Today, one of the key advantages of cloud computing is the speed at which you can customize your environment to suit your changing business needs. In a more traditional data center environment, that’s not necessarily the case.
As an example, imagine that you have a project that has an unexpected need for an additional 10TB of storage, but you don’t have 10TB available and the project is time sensitive. In a traditional data center environment, this would mean evaluating storage options; creating purchase orders, delivery, installation and configuration of storage systems – all of which is time consuming and may interfere with your ability to win a case. Even with the best will in the world, this is likely going to take a couple of weeks for implementation.
In a cloud environment, an information-on-demand requirement of this size can be achieved in less than 15 minutes. You simply provision the type of storage that you want, in the region that you want, and you are done in a matter of minutes.
Due to the cost model of cloud computing, you typically only pay for what you use, on a per-hour basis. This has clear advantages when your imaginary 10TB project completes, because you simply securely wipe and decommission the storage and cease paying for it. When we consider scalability, we naturally think about scaling up, but with the cloud environment we can also consider scaling down in real time. This is potentially important for your organization with respect to project-specific matters, overall data management efficiencies and even performance. In these instances, having the ability to scale down can prove helpful in saving significant costs when your needs decrease.
Should you need more processing power at short notice, additional IOPS (Input/Output Operations per Second) can be provisioned for the time that you need it. Again, it can be scalable both for increase and decrease as business needs require.
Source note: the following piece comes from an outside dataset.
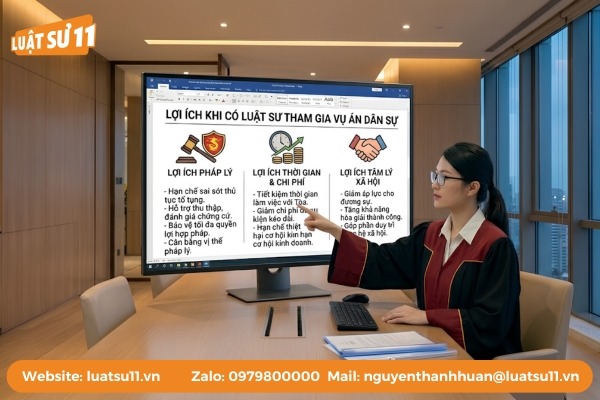 Lợi ích thực tiễn từ vai trò của luật sư trong tố tụng dân sự đối với đương sự
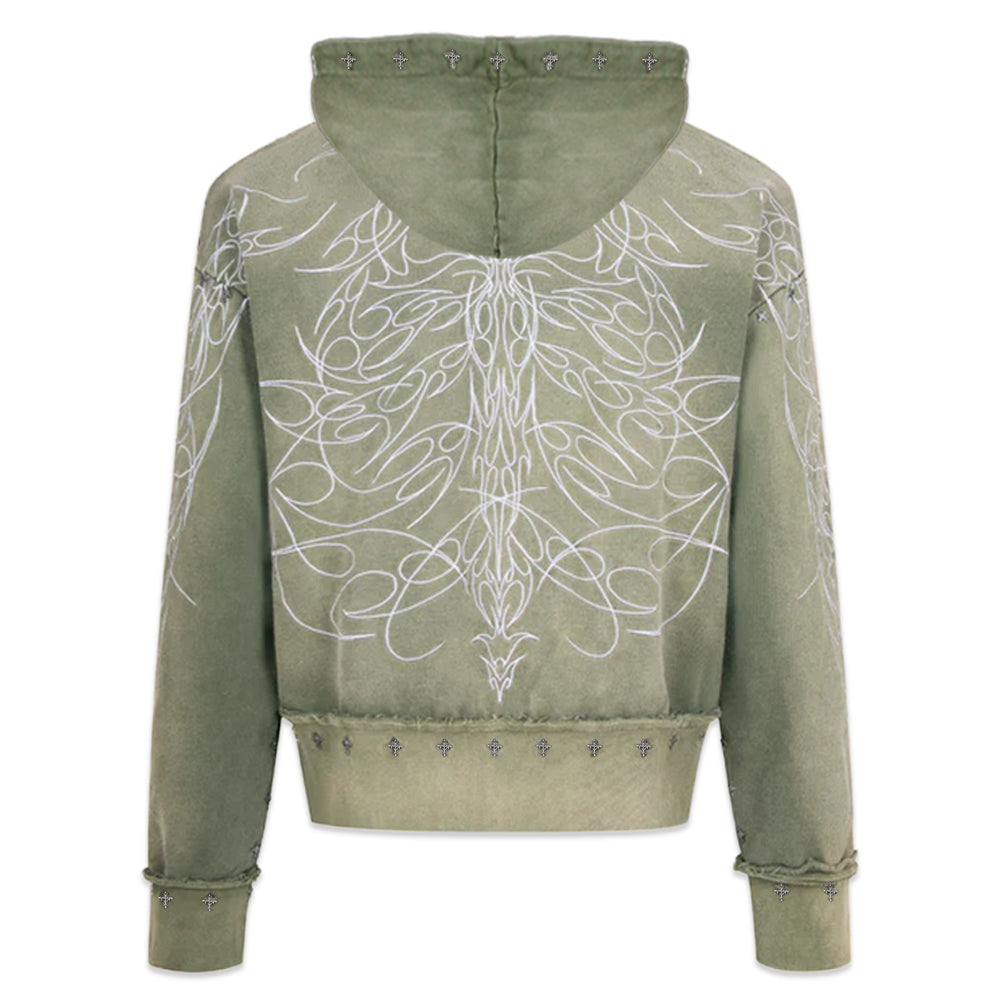 Earthangl Zip Up Hoodie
In addition, as hosted platforms (like your hosted document review tool, for example) are typically scalable, that service can also be scaled up and down, in addition to servers and storage.
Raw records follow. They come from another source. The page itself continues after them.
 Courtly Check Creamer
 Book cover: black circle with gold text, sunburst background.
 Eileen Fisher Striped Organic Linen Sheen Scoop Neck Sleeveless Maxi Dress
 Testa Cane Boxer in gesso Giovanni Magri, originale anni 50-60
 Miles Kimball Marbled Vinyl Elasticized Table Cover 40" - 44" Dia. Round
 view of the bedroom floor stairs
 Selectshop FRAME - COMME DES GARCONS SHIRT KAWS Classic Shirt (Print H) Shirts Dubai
While our hypothetical 10TB example is storage, the same holds true for servers. Imagine you need five new servers, all running an enterprise version of SQL, to perform some advanced analytics. With cloud capabilities, this can be provisioned in a matter of minutes, instead of the weeks other methods might take, and cloud scaling doesn’t require additional software or hardware purchases. Again, once the project has finished, the servers can be decommissioned, and you no longer have to manage the additional environment or bear the cost for its now-unused servers and storage.